### Try it:
Repeat the whole listing, keeping every word and every line intact.

### Collected material:
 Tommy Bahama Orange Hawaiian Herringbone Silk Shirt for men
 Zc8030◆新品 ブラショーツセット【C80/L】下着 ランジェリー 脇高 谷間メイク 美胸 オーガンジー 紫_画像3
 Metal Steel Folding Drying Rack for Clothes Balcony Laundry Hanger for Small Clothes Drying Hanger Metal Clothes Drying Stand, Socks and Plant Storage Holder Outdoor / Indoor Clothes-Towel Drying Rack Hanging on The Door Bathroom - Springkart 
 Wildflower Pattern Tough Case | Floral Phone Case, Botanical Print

### Response area:
 Tommy Bahama Orange Hawaiian Herringbone Silk Shirt for men
 Zc8030◆新品 ブラショーツセット【C80/L】下着 ランジェリー 脇高 谷間メイク 美胸 オーガンジー 紫_画像3
 Metal Steel Folding Drying Rack for Clothes Balcony Laundry Hanger for Small Clothes Drying Hanger Metal Clothes Drying Stand, Socks and Plant Storage Holder Outdoor / Indoor Clothes-Towel Drying Rack Hanging on The Door Bathroom - Springkart 
 Wildflower Pattern Tough Case | Floral Phone Case, Botanical Print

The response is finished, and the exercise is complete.